── Recorded data ──

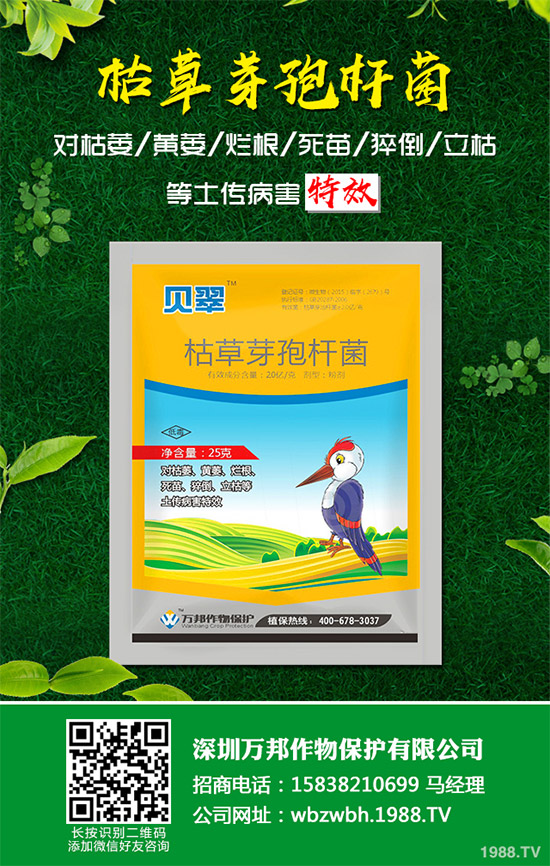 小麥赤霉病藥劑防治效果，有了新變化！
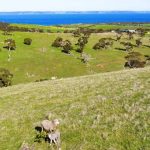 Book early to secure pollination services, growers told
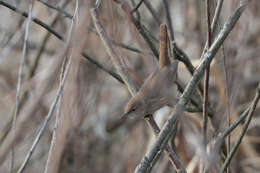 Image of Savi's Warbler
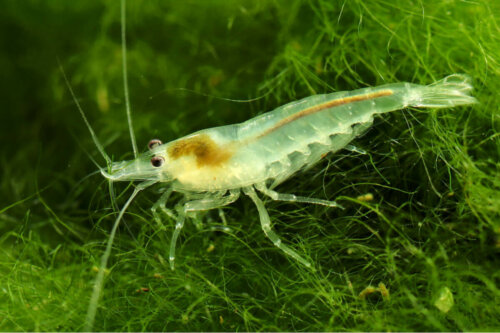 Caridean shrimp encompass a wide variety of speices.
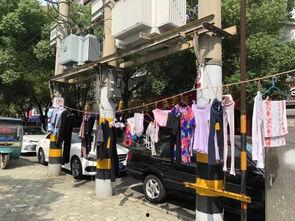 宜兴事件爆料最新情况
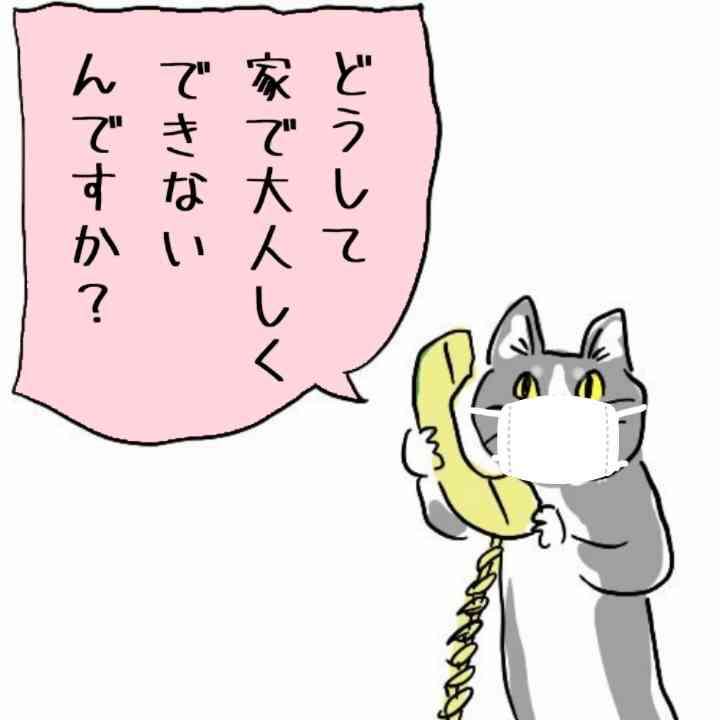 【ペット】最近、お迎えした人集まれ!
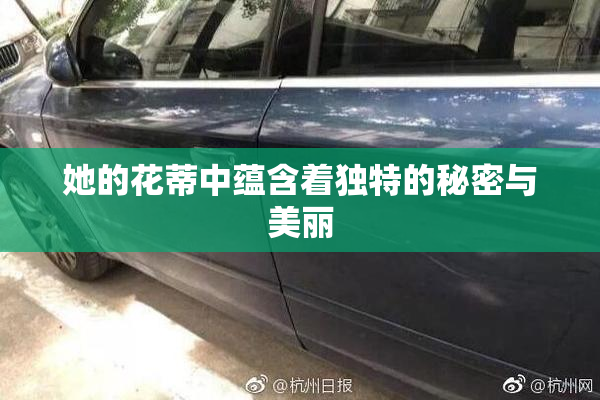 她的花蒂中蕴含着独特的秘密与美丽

───

■ Work request
Everything in the listing above must be retyped exactly, except for the pictures.

■ Solution for this task
 小麥赤霉病藥劑防治效果，有了新變化！
 Book early to secure pollination services, growers told
 Image of Savi's Warbler
 Caridean shrimp encompass a wide variety of speices.
 宜兴事件爆料最新情况
 【ペット】最近、お迎えした人集まれ!
 她的花蒂中蕴含着独特的秘密与美丽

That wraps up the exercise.